What you will learn:
- The difference between sharp and fuzzy RDD
- How to visualize the running variable, the first stage, and the reduced form
- How to estimate the fuzzy RDD as 2SLS (IV) at the cutoff
- How to use rdrobust for bias-corrected robust inference
- How to assess sensitivity to bandwidth choice and polynomial order
Prerequisites: Familiarity with instrumental variables (2SLS) and basic RDD concepts (see the sharp RDD lab).
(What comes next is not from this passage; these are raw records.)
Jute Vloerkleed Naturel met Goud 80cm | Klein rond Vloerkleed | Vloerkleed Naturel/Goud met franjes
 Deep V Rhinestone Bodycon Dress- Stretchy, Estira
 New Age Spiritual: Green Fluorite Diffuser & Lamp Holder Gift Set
Step 1: Simulate Scholarship Eligibility Data
Students take an entrance exam (the running variable). Those scoring above 70 are eligible for a scholarship, but compliance is imperfect: some eligible students decline, and some ineligible students appeal successfully.
library(estimatr)
library(rdrobust)
library(modelsummary)
set.seed(42)
n <- 2000
exam_score <- round(rnorm(n, 70, 12), 1)
above_cutoff <- as.integer(exam_score >= 70)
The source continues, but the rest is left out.